__Supplied material__.
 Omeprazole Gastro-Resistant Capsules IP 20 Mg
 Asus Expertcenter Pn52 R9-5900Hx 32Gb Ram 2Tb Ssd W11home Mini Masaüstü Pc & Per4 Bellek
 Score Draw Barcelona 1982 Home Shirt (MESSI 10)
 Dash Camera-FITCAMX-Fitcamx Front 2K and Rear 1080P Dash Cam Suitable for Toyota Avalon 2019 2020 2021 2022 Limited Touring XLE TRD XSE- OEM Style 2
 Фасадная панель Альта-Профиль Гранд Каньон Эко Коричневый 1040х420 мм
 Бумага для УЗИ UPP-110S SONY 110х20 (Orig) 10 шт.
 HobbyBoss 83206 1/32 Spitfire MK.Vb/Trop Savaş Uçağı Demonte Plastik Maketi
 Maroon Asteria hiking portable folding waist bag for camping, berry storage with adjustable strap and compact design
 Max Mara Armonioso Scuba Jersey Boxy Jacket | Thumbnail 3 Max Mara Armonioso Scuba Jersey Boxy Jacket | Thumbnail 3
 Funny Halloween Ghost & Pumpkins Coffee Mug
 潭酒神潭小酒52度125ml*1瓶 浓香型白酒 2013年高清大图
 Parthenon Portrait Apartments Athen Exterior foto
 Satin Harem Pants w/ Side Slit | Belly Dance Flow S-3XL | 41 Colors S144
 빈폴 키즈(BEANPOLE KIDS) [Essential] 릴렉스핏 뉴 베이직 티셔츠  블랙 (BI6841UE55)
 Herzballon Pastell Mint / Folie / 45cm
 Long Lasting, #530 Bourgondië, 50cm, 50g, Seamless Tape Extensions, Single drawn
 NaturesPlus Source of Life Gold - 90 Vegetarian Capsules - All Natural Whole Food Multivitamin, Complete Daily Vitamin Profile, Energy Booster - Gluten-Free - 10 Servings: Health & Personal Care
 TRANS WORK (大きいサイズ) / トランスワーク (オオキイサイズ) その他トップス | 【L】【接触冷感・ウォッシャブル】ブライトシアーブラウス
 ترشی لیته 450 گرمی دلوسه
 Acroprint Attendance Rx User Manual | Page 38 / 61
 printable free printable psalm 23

__Problem description__. Lines from the start of the material above through the line containing "Score Draw Barcelona" are to be duplicated exactly, and only those.

__Exercise result__.
 Omeprazole Gastro-Resistant Capsules IP 20 Mg
 Asus Expertcenter Pn52 R9-5900Hx 32Gb Ram 2Tb Ssd W11home Mini Masaüstü Pc & Per4 Bellek
 Score Draw Barcelona 1982 Home Shirt (MESSI 10)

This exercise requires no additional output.